Korean Marital Relationships: A Confucian past and Present

During entertainment shows or talk shows in Korea, most male entertainers who are married pretend to be unsatisfied as they talk about their wives and married lives. When female entertainers who are married talk about traditional family celebrations on TV shows, they are stressed out because they argue with their husbands about traditional family celebrations. The family system, as defined by ancient Confucius philosophy, has two noticeable impacts on current Korean marital relationships: a patriarchal hierarchy and traditional family celebrations.

On a TV show, one chef had gotten married a few days prior and the other married men advised him that his happiness would not last long. In this way, married men pretend to be unsatisfied when they talk about their married lives. This originated from the Joseon Dynasty, about 500 years ago. Confucianism, Chinese philosophy, was the ruling principle in the Joseon Dynasty, so the period was influenced heavily by Confucianism.

In Confucianism, there were the five constant virtues: righteousness, benevolence, propriety, wisdom, and sincerity. At that time, propriety meant modesty. People were not allowed to show off or talk about themselves and this view has lasted until this century. Today most Koreans do not like showing off.

On family traditional celebrations, especially Korean Thanksgiving and New Year’s, a man and wife argue with each other over whether they should go to the husband’s house first or the wife’s. If they go to the husband’s house, the woman should prepare food for ancestral rites. While wives make traditional food, the only thing that husbands do is to watch TV or sleep which causes more argument.
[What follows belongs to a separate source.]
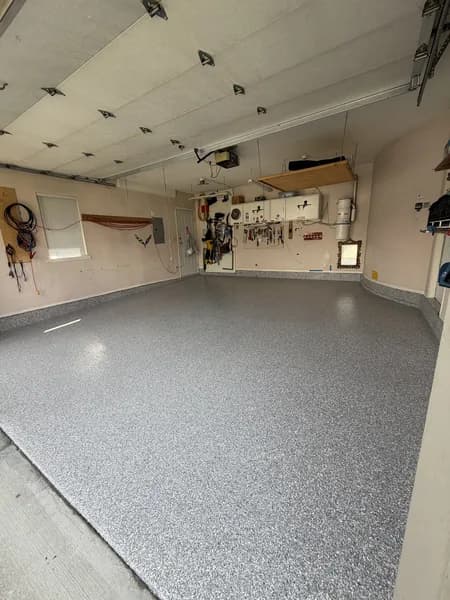 Blue-grey flake epoxy floor in a well-organized residential garage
Also, in Confucianism, there were three basic principles in human relations. There were relationships between ruler and minister, father and son, and husband and wife. The minister should serve the ruler, the son should serve the father, and the wife should serve the husband. After a woman got married she was no longer a member of her own family but rather considered a member of the husband’s house. Married women could not go to their family’s house and they were expected to help with the memorial service for ancestors in the in-law’s home.

These days, young people have been taught in school that all people are equal and that men and women should be treated equally. The Joseon Dynasty disappeared and the traditional patriarchal system weakened with the urbanization process, but Confucianism is still deep-rooted in the society. It is revealed by the entertainers and the situation where a husband and wife argue with each other on traditional family celebrations.